Gothard’s teachings (which became homeschool curricula) are mostly commands — while ignoring the two-fold command that Jesus called the greatest and most encompassing.

In the four-part docuseries, damning testimonies flowed from those whose lives have been deeply harmed by living in families and communities — like and including the Duggars — that strictly followed Gothard’s instructions.

Many years ago, I developed and taught college students an alternative approach to faithful living that contrasted with Gothard’s abuse-fertile authoritarianism and legalism.

My focus was rooted in the biblical concept of being made in the image of God — which places the freedom and responsibility for personal decision making into the hands of each individual through spiritual discernment.

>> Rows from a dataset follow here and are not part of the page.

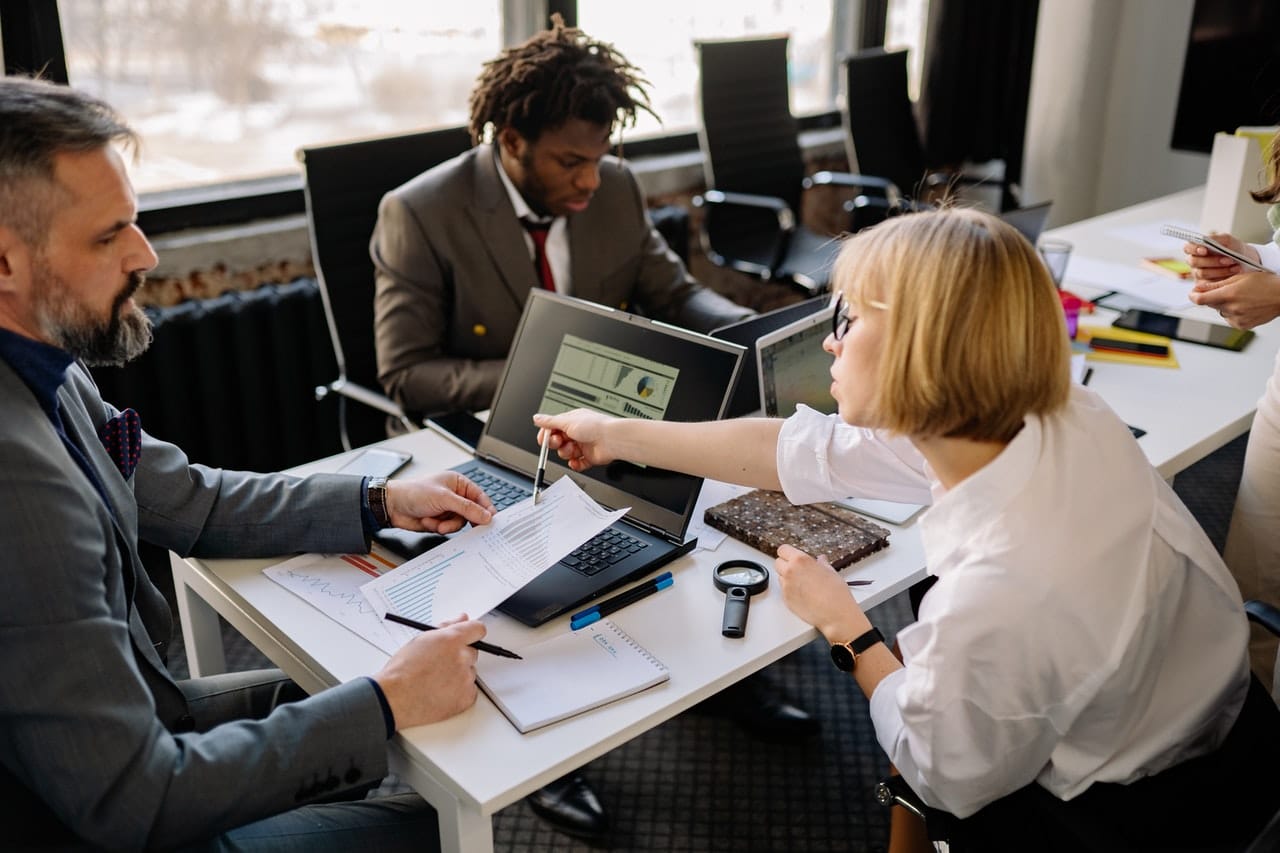 10 Signs Your Business Needs Better Finance and Accounting Solutions
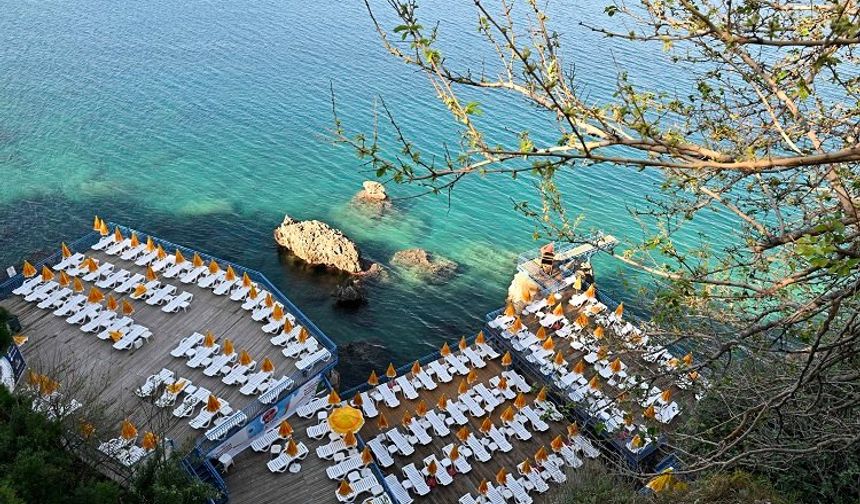 Antalya’nın dünyaca ünlü falez sahil bandında sezon açıldı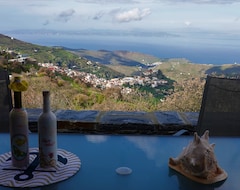 Hotel Cycladic Villa with sea view! (Ioulida, Greece)
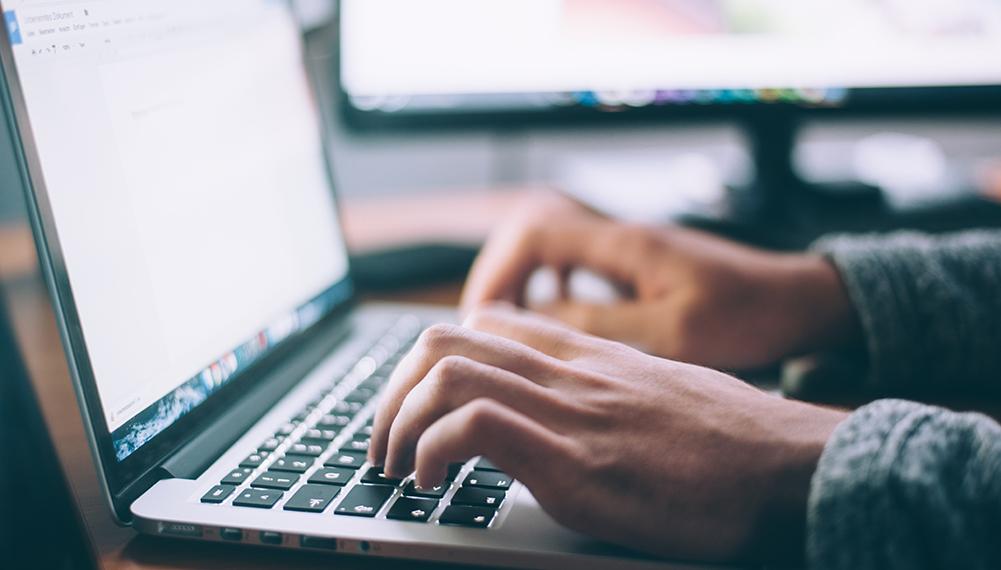 Nueva edición de cursos online gratuitos de la Junta de Andalucía - hombre programando en un ordenador Nueva edición de cursos online gratuitos de la Junta de Andalucía - hombre programando en un ordenador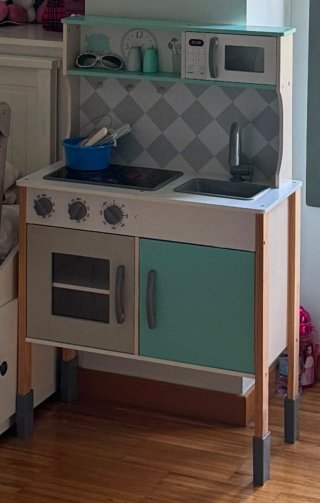 Cocina infantil de madera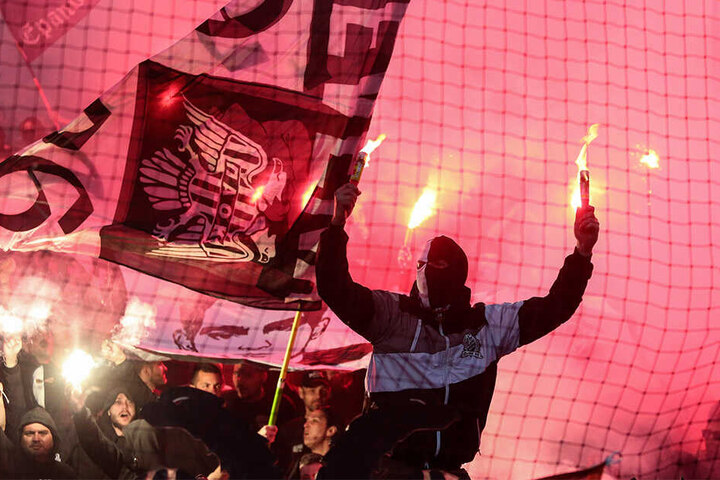 Umstritten: Der Einsatz von Pyro im Stadion.
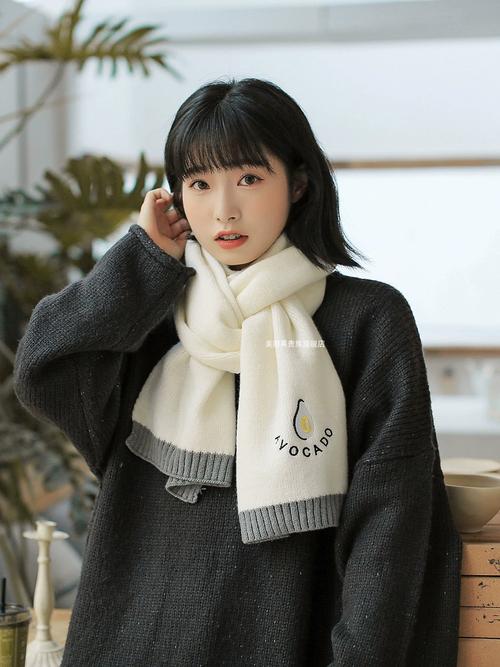 白色狐狸围巾怎么搭配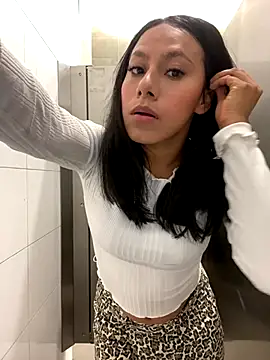 Katherinm online show from 22, 11, 2025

After seeing the new documentary, I want to be even clearer and quite frank: Discernment is more than listening uncritically, praying over something and then getting a good feeling.

It involves possessing an effective enough BS meter to quickly dismiss nonsensical and dangerous claims (from Gothard and those like him) that God intends for male authoritarians (pastors, husbands, fathers) to lord over others — destroying their value and freedom and setting them up for victimhood.

Discernment also involves having enough sense to see that evil forces are more likely found in human claims of divine authority than in a kid’s pudgy-faced doll.

And, in an effort to protect vulnerable people, I and others will keep saying so until it’s heard.